═════ Given records ═════

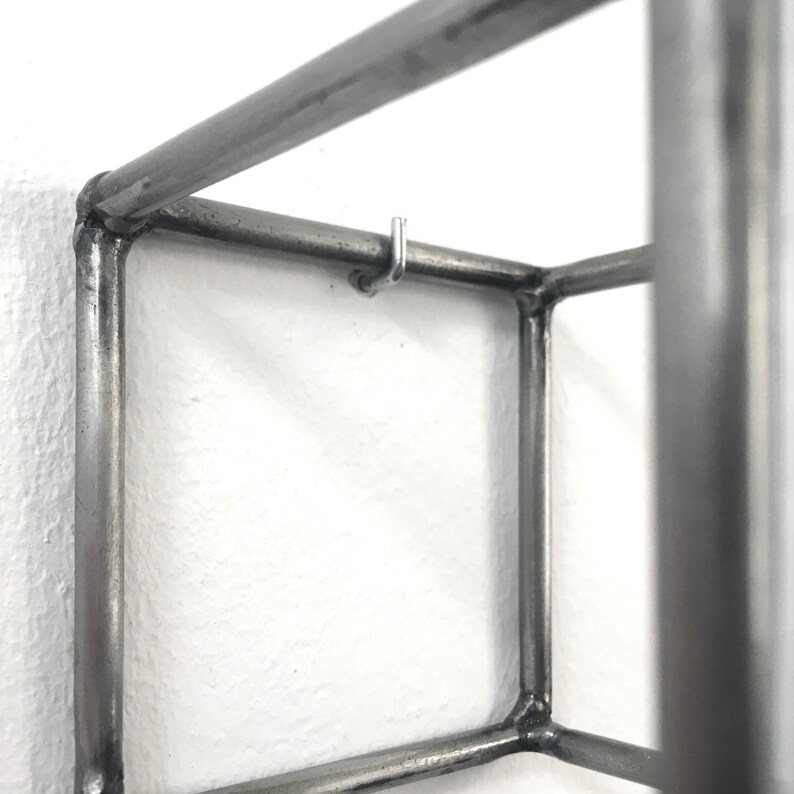 May include: A square-shaped wall-mounted shelf constructed from dark grey metal tubing. The frame features visible welded joints at each corner and includes a small, silver-colored metal hook attached to the top horizontal bar for hanging items.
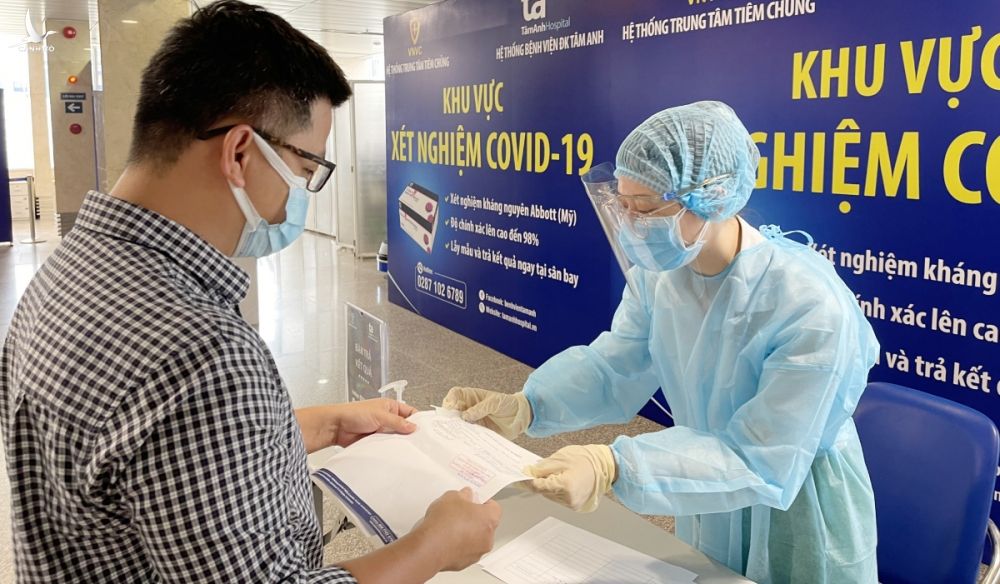 Nhân viên y tế trả giấy kết quả xét nghiệm Covid-19 cho hành khách test nhanh kháng nguyên tại sân bay. Ảnh:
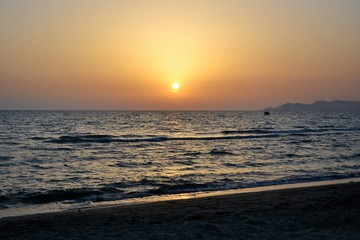 Sunset over Adriatic Sea. View from Golem / Durres, Albania. Beautiful sunset with Durres town silhouette in the distance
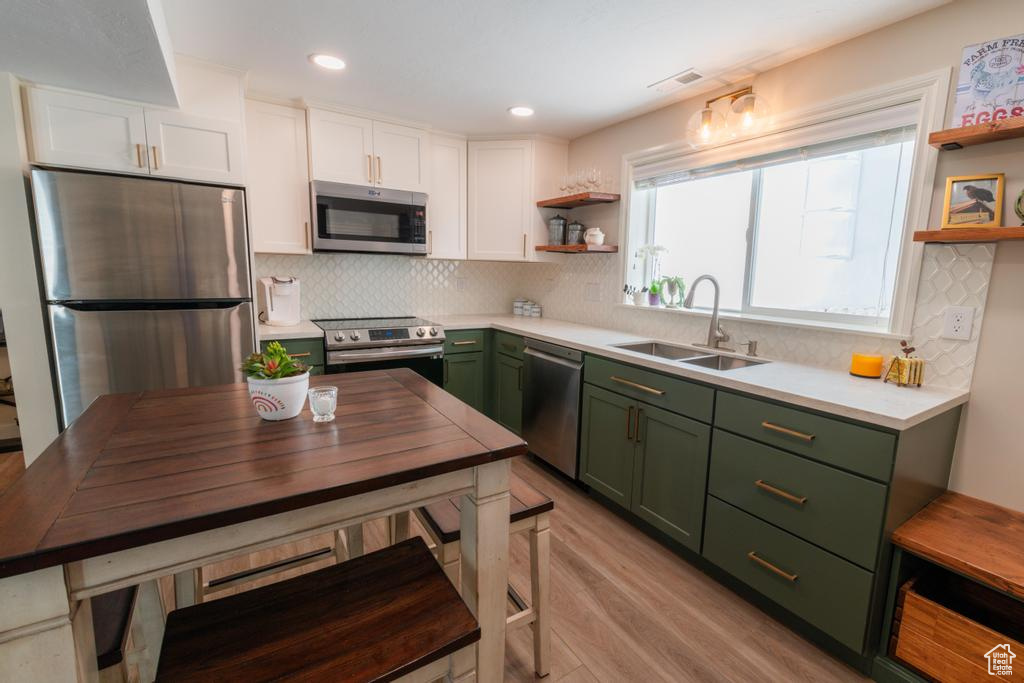 Kitchen with green cabinets, appliances with stainless steel finishes, open shelves, a sink, and recessed lighting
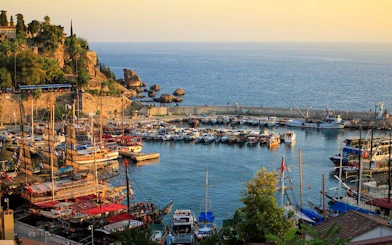 Antalya harbor with boats and cliffs during sunset on self-guided walking tour.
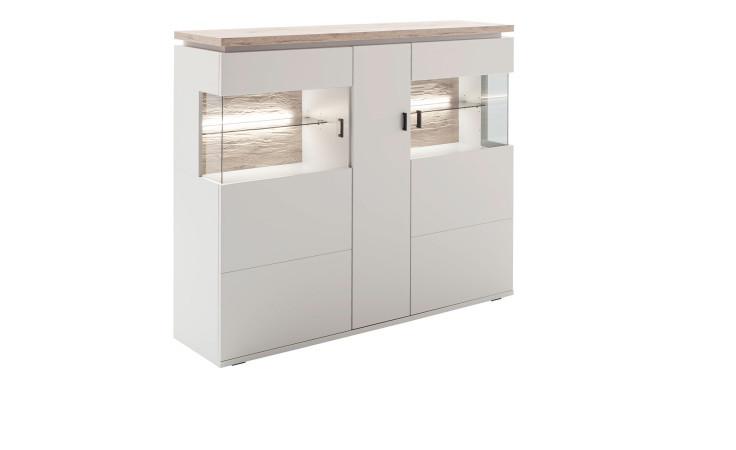 Komfort-Highboard Amant aus Holzwerkstoff in Modern White und einer Absetzung in Viking Oak. Schräge Seitenansicht.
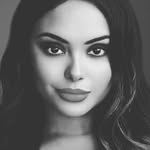 A photo of Afshan Azad, a Actress, who has a Dark Winter color profile.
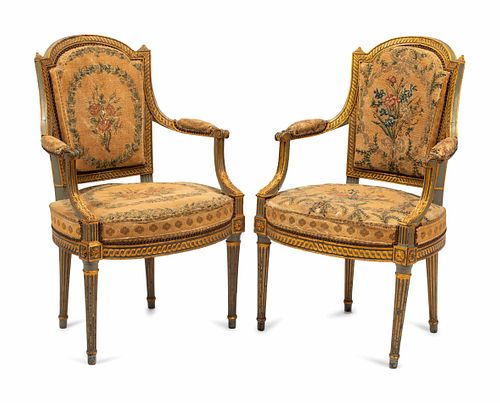 A Pair of French Neoclassical Painted and Parcel Gilt Armchairs
Height 37 1/2 x width 23 1/2 x depth 20 inches.
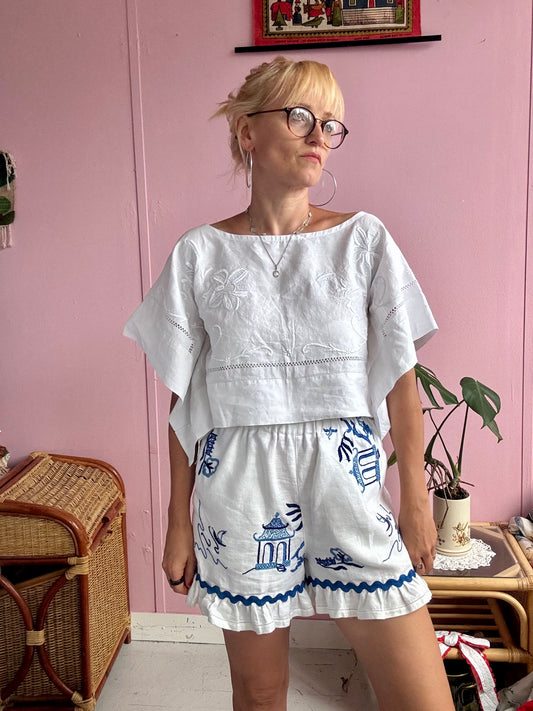 All white basic top with floral hand embroidery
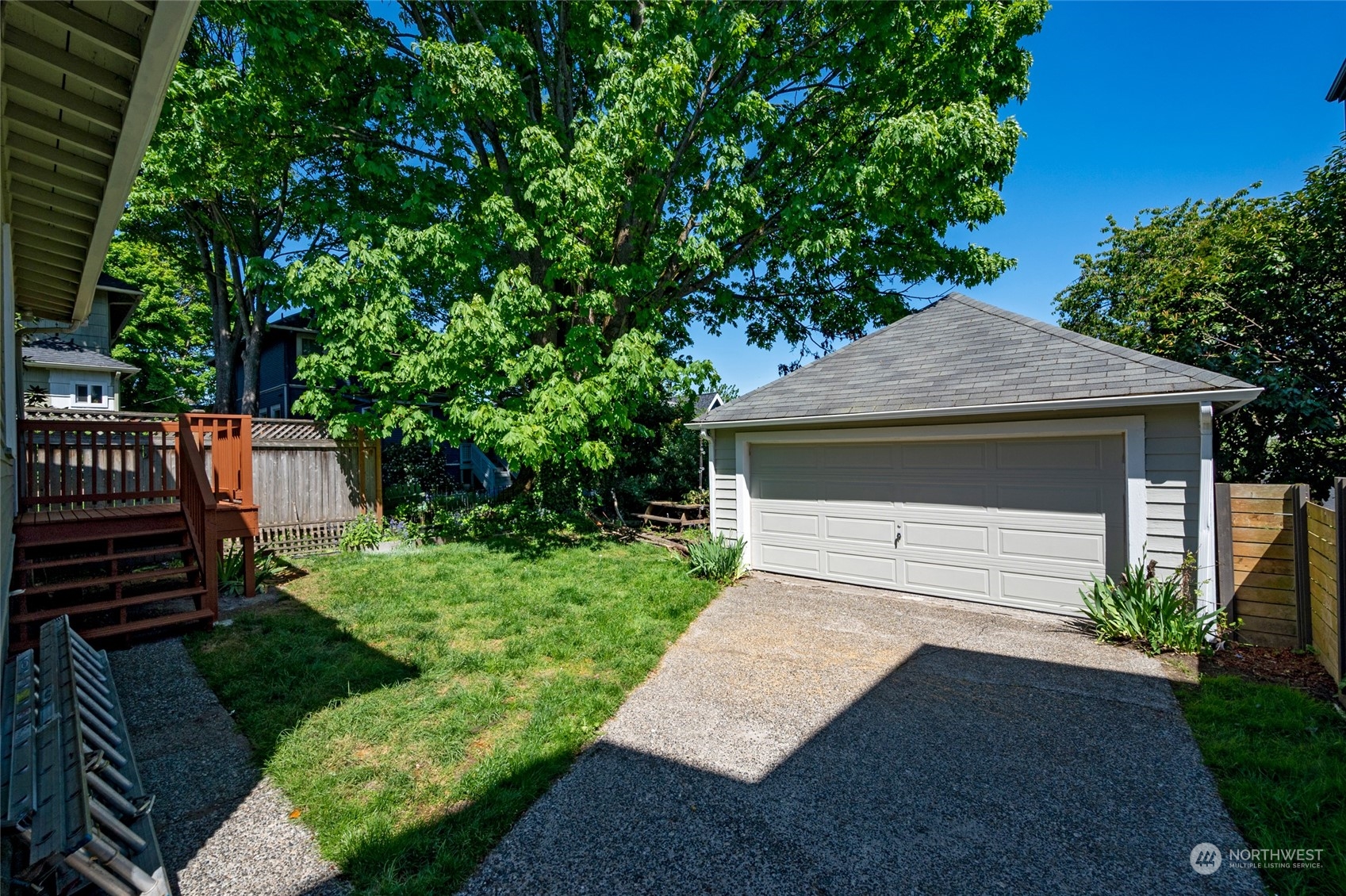 4122 Whitman Avenue North Seattle, WA 98103 - Photo 28 of 28 a front view of a house with a yard and a garage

═════

■ **Your task**
Copy the whole listing exactly, excluding the pictures in it.

■ **Worked solution**
 May include: A square-shaped wall-mounted shelf constructed from dark grey metal tubing. The frame features visible welded joints at each corner and includes a small, silver-colored metal hook attached to the top horizontal bar for hanging items.
 Nhân viên y tế trả giấy kết quả xét nghiệm Covid-19 cho hành khách test nhanh kháng nguyên tại sân bay. Ảnh:
 Sunset over Adriatic Sea. View from Golem / Durres, Albania. Beautiful sunset with Durres town silhouette in the distance
 Kitchen with green cabinets, appliances with stainless steel finishes, open shelves, a sink, and recessed lighting
 Antalya harbor with boats and cliffs during sunset on self-guided walking tour.
 Komfort-Highboard Amant aus Holzwerkstoff in Modern White und einer Absetzung in Viking Oak. Schräge Seitenansicht.
 A photo of Afshan Azad, a Actress, who has a Dark Winter color profile.
 A Pair of French Neoclassical Painted and Parcel Gilt Armchairs
Height 37 1/2 x width 23 1/2 x depth 20 inches.
 All white basic top with floral hand embroidery
 4122 Whitman Avenue North Seattle, WA 98103 - Photo 28 of 28 a front view of a house with a yard and a garage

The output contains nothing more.